**Requirement**
Complete, exact copies of all entries are needed.

### Exercise data ###

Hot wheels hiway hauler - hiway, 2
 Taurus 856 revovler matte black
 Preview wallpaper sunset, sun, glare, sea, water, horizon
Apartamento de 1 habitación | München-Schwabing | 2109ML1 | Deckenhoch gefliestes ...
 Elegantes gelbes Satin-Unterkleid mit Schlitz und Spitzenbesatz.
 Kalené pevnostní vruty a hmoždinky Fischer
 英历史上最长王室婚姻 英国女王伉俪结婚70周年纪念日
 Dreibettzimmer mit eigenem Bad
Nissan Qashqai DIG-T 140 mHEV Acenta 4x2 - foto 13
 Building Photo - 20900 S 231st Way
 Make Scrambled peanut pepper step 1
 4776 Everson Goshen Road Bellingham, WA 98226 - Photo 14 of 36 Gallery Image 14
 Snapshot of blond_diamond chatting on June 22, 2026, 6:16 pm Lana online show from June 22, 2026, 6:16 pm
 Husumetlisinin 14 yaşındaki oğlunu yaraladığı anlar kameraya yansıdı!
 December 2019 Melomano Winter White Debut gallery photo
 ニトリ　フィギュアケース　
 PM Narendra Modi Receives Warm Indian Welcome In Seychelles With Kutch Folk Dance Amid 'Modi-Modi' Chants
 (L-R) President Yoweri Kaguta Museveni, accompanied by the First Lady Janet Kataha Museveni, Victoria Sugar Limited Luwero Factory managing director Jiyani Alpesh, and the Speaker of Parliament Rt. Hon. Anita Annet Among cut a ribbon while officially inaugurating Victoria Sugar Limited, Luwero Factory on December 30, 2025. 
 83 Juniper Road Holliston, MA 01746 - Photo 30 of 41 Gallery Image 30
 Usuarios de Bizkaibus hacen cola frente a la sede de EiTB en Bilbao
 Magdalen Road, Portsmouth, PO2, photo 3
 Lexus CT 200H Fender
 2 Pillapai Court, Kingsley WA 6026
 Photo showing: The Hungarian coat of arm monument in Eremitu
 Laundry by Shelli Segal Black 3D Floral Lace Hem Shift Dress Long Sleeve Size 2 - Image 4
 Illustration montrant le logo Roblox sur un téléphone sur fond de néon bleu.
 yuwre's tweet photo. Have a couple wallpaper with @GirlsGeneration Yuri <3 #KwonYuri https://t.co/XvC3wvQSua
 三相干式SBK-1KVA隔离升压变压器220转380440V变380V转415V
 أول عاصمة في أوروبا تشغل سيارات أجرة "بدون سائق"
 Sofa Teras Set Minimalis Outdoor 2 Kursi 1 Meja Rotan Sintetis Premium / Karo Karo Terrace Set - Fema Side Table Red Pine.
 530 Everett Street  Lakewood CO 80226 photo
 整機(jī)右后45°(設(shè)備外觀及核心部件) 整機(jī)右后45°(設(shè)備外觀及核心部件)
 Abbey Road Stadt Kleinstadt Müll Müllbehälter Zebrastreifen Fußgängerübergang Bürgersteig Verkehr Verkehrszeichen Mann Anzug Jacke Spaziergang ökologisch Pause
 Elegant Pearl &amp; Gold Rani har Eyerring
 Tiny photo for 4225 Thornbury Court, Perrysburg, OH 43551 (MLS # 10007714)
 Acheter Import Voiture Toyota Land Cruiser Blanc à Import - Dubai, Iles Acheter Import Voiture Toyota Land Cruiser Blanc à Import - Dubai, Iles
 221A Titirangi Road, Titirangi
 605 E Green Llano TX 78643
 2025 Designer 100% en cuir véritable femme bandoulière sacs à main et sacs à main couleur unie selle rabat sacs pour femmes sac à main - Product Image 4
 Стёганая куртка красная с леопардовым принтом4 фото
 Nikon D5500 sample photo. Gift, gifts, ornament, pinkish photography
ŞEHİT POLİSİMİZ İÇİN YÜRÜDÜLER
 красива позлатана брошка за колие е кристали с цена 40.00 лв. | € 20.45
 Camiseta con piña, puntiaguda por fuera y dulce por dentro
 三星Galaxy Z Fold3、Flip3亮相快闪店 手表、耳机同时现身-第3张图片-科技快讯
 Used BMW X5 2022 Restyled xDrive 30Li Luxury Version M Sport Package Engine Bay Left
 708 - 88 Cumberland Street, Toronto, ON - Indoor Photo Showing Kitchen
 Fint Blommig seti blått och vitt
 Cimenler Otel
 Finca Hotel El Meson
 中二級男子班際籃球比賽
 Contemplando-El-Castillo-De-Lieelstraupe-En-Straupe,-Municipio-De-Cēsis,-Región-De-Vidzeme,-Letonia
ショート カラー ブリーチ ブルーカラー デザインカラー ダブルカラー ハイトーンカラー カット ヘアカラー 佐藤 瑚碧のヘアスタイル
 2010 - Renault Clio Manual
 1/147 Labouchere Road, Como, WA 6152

###

**Exercise answer**
Hot wheels hiway hauler - hiway, 2
 Taurus 856 revovler matte black
 Preview wallpaper sunset, sun, glare, sea, water, horizon
Apartamento de 1 habitación | München-Schwabing | 2109ML1 | Deckenhoch gefliestes ...
 Elegantes gelbes Satin-Unterkleid mit Schlitz und Spitzenbesatz.
 Kalené pevnostní vruty a hmoždinky Fischer
 英历史上最长王室婚姻 英国女王伉俪结婚70周年纪念日
 Dreibettzimmer mit eigenem Bad
Nissan Qashqai DIG-T 140 mHEV Acenta 4x2 - foto 13
 Building Photo - 20900 S 231st Way
 Make Scrambled peanut pepper step 1
 4776 Everson Goshen Road Bellingham, WA 98226 - Photo 14 of 36 Gallery Image 14
 Snapshot of blond_diamond chatting on June 22, 2026, 6:16 pm Lana online show from June 22, 2026, 6:16 pm
 Husumetlisinin 14 yaşındaki oğlunu yaraladığı anlar kameraya yansıdı!
 December 2019 Melomano Winter White Debut gallery photo
 ニトリ　フィギュアケース　
 PM Narendra Modi Receives Warm Indian Welcome In Seychelles With Kutch Folk Dance Amid 'Modi-Modi' Chants
 (L-R) President Yoweri Kaguta Museveni, accompanied by the First Lady Janet Kataha Museveni, Victoria Sugar Limited Luwero Factory managing director Jiyani Alpesh, and the Speaker of Parliament Rt. Hon. Anita Annet Among cut a ribbon while officially inaugurating Victoria Sugar Limited, Luwero Factory on December 30, 2025. 
 83 Juniper Road Holliston, MA 01746 - Photo 30 of 41 Gallery Image 30
 Usuarios de Bizkaibus hacen cola frente a la sede de EiTB en Bilbao
 Magdalen Road, Portsmouth, PO2, photo 3
 Lexus CT 200H Fender
 2 Pillapai Court, Kingsley WA 6026
 Photo showing: The Hungarian coat of arm monument in Eremitu
 Laundry by Shelli Segal Black 3D Floral Lace Hem Shift Dress Long Sleeve Size 2 - Image 4
 Illustration montrant le logo Roblox sur un téléphone sur fond de néon bleu.
 yuwre's tweet photo. Have a couple wallpaper with @GirlsGeneration Yuri <3 #KwonYuri https://t.co/XvC3wvQSua
 三相干式SBK-1KVA隔离升压变压器220转380440V变380V转415V
 أول عاصمة في أوروبا تشغل سيارات أجرة "بدون سائق"
 Sofa Teras Set Minimalis Outdoor 2 Kursi 1 Meja Rotan Sintetis Premium / Karo Karo Terrace Set - Fema Side Table Red Pine.
 530 Everett Street  Lakewood CO 80226 photo
 整機(jī)右后45°(設(shè)備外觀及核心部件) 整機(jī)右后45°(設(shè)備外觀及核心部件)
 Abbey Road Stadt Kleinstadt Müll Müllbehälter Zebrastreifen Fußgängerübergang Bürgersteig Verkehr Verkehrszeichen Mann Anzug Jacke Spaziergang ökologisch Pause
 Elegant Pearl &amp; Gold Rani har Eyerring
 Tiny photo for 4225 Thornbury Court, Perrysburg, OH 43551 (MLS # 10007714)
 Acheter Import Voiture Toyota Land Cruiser Blanc à Import - Dubai, Iles Acheter Import Voiture Toyota Land Cruiser Blanc à Import - Dubai, Iles
 221A Titirangi Road, Titirangi
 605 E Green Llano TX 78643
 2025 Designer 100% en cuir véritable femme bandoulière sacs à main et sacs à main couleur unie selle rabat sacs pour femmes sac à main - Product Image 4
 Стёганая куртка красная с леопардовым принтом4 фото
 Nikon D5500 sample photo. Gift, gifts, ornament, pinkish photography
ŞEHİT POLİSİMİZ İÇİN YÜRÜDÜLER
 красива позлатана брошка за колие е кристали с цена 40.00 лв. | € 20.45
 Camiseta con piña, puntiaguda por fuera y dulce por dentro
 三星Galaxy Z Fold3、Flip3亮相快闪店 手表、耳机同时现身-第3张图片-科技快讯
 Used BMW X5 2022 Restyled xDrive 30Li Luxury Version M Sport Package Engine Bay Left
 708 - 88 Cumberland Street, Toronto, ON - Indoor Photo Showing Kitchen
 Fint Blommig seti blått och vitt
 Cimenler Otel
 Finca Hotel El Meson
 中二級男子班際籃球比賽
 Contemplando-El-Castillo-De-Lieelstraupe-En-Straupe,-Municipio-De-Cēsis,-Región-De-Vidzeme,-Letonia
ショート カラー ブリーチ ブルーカラー デザインカラー ダブルカラー ハイトーンカラー カット ヘアカラー 佐藤 瑚碧のヘアスタイル
 2010 - Renault Clio Manual
 1/147 Labouchere Road, Como, WA 6152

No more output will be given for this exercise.